La voce del Concilio Vaticano II, che da queste forme di mentalità ristretta e asfittica viene puntualmente offuscata, trova provvidenzialmente ben altra risonanza nel magistero di Francesco, che in diversi casi ci ha chiesto di “ascoltare” e di renderci attenti alla realtà, il cui primato sulla idea è un dato inaggirabile del suo magistero. Vorrei ricordare due punti particolarmente espliciti in questo campo di riflessione.
Scrivendo alla Università Cattolica di Buenos Aires (2015), Francesco ha detto:
“Le nostre formulazioni di fede sono nate nel dialogo, nell’incontro, nel confronto, nel
contatto con le diverse culture, comunità, nazioni, situazioni che richiedevano una maggiore riflessione di fronte a quanto non esplicitato prima. Perciò gli eventi pastorali hanno un valore considerevole. E le nostre formulazioni di fede sono espressione di una vita vissuta e ponderata ecclesialmente.
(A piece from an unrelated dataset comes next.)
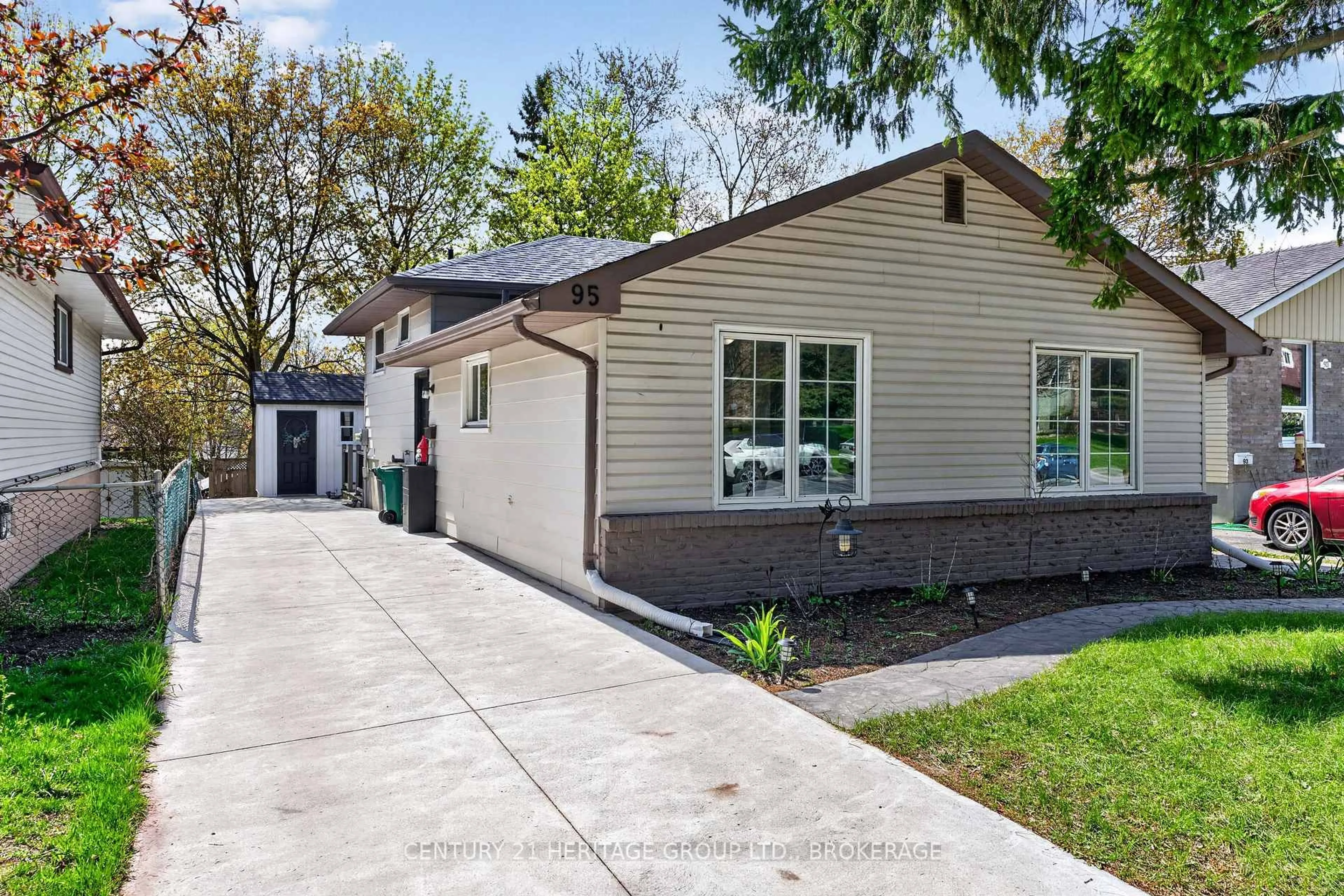 Unknown for 95 Virginia Dr, Kingston Ontario K7K 5Y3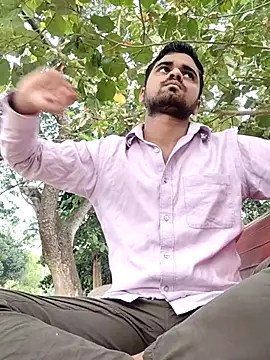 Ishan003 online show from April 22, 2026, 2:03 am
In un cristiano c’è qualcosa di sospetto quando smette di ammettere il bisogno di essere criticato da altri interlocutori. Le persone e le loro diverse conflittualità, le periferie, non sono opzionali, bensì necessarie per una maggiore comprensione della fede. Perciò è importante chiedersi: A chi stiamo pensando quando facciamo teologia? Quali persone abbiamo
davanti? Senza questo incontro con la famiglia, con il Popolo di Dio, la teologia corre il grande rischio di diventare ideologia. Non ci dimentichiamo, lo Spirito Santo nel popolo orante è il soggetto della teologia. Una teologia che non nasce nel suo seno ha l’olezzo di una proposta che può essere bella, ma non reale.“
Ma, in modo ancora più significativo, nello straordinario proemio della Costituzione Apostolica Veritatis Gaudium (2018) troviamo questa espressione grandiosa e profetica del magistero che oggi ci è richiesto:
“L’esigenza prioritaria oggi all’ordine del giorno, infatti, è che tutto il Popolo di Dio si prepari ad intraprendere “con spirito” una nuova tappa dell’evangelizzazione. Ciò richiede «un deciso processo di discernimento, purificazione e riforma» …Questo ingente e non rinviabile compito chiede, sul livello culturale della formazione accademica e dell’indagine scientifica, l’impegno generoso e convergente verso un radicale cambio di paradigma, anzi – mi permetto di dire – verso «una coraggiosa rivoluzione culturale»[27]. In tale impegno la rete mondiale delle Università e Facoltà ecclesiastiche è chiamata a portare il decisivo contributo del lievito, del sale e della luce del Vangelo di Gesù Cristo e della Tradizione viva della Chiesa sempre aperta a nuovi scenari e a nuove proposte.”
In questa prospettiva occorre dialogare, ascoltare e sognare, non tacere. Una chiesa viva parla e discute, anche delle cose più fondamentali. Così essa potrà generare silenzio: il silenzio della comunione, non il silenzio della imposizione. La intelligenza della fede non può mai accontentarsi di tale silenzio imposto: deve produrre il silenzio della comunione attraverso il dialogo e il confronto. Altrimenti, per usare una bella espressione di S. Tommaso, rischieremo di scontrarci con questa lucida denuncia della riduzione della teologia ad atto di autorità
“Se noi risolviamo i problemi della fede col metodo della sola autorità, possediamo certamente la verità, ma in una testa vuota“.